Seguem-se sete anos de oposição. A popularidade de Mitterrand oscila proporcionalmente à impopularidade de Giscard. Ele se prepara para as presidenciais de 1981, que seriam sua última chance de chegar ao poder.
Estuda com afinco economia e finanças, temas que nunca lhe foram familiares. Divide seu tempo entre seu apartamento de três andares e 166 m2 numa ruela do Quartier Latin e uma pequena fazenda no município de Latché, próximo ao centro geográfico da França.
Em 1981 chegam as novas eleições e ele derrota Giscard d'Estaing por menos de 400 mil votos.
Mitterrand, aos 64 anos, reencarna Luís 14 ao desencadear o chamado programa de 110 pontos, a seu ver essencial para colocar o país em posição vantajosa no início do século 21.

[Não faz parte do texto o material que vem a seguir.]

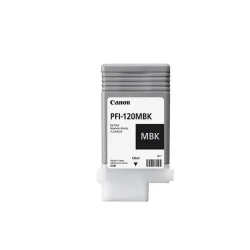 Cartucho de Tinta Canon PFI-120MBK Preto Fosco 2884C001 130 ml Original — H&H Suprimentos Corporativos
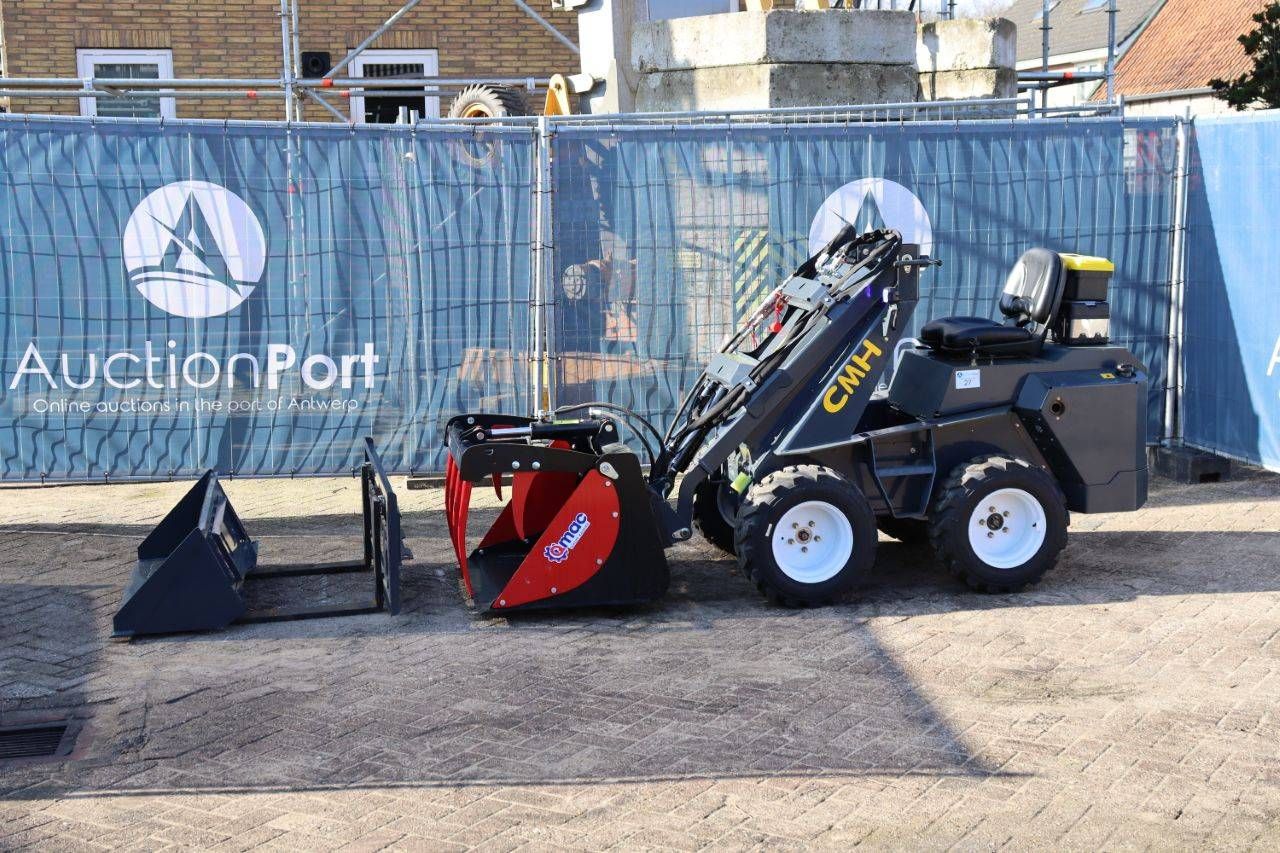 Skid Steer Loader CMH CMH28-7 Petrol 25hp 2024 New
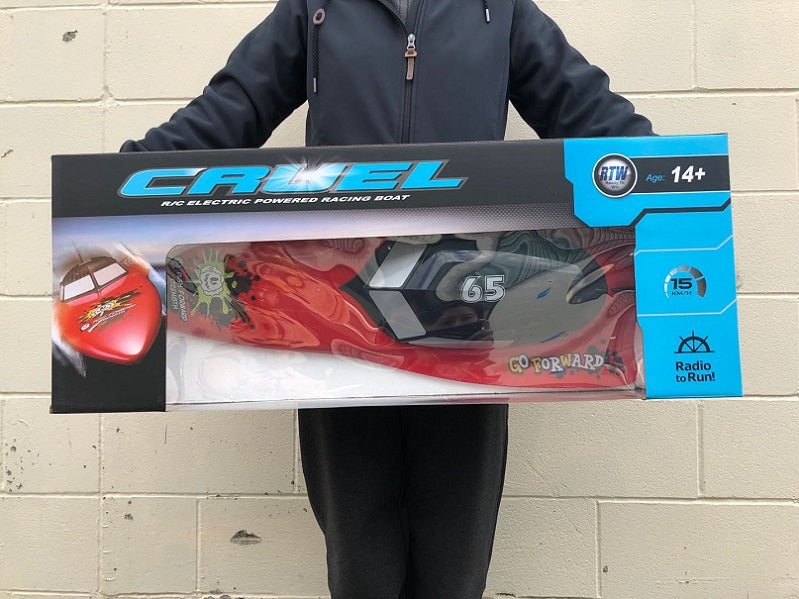 Racing Boat - 74CM Large Size RC High-Powered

Um de seus axiomas: expandir o Estado para que ele controle o crédito e setores industriais capazes de gerar tecnologia de ponta. São nacionalizados pouco mais de 40 bancos ou grupos industriais.
Mas o modelo previdenciário de Estado paga um tributo à inflação e ao enfraquecimento da moeda. O franco é três vezes desvalorizado. O desemprego não cede.
Não tardam os critérios de "verdade orçamentária", com o fechamento de empresas deficitárias e a ruptura com o PCF, que retira seus ministros do governo.
Eleições legislativas de 1986. A esquerda se vê em minoria. Mitterrand é obrigado a nomear um adversário político, Jacques Chirac, para o posto de primeiro-ministro.
Faria o mesmo em 1993, ao nomear Edouard Balladur. A coreografia do poder modifica seu conteúdo. Mitterrand preserva certa autonomia só em questões de defesa e política externa.
Ele foi por vezes acusado de ter exercido o poder com o objetivo de "entrar para a história". As grandes obras que deixou antes do término de seu segundo mandato são uma prova estética desse desejo. Reformou o Museu do Louvre e construiu a ópera da Bastilha e a nova Biblioteca da França.
Mitterrand, por fim, não esteve em momento algum no miolo dos escândalos desencadeados por mecanismos ilícitos de financiamento eleitoral. O PS afundou eleitoralmente, mas os "affaires" passaram ao largo do Eliseu.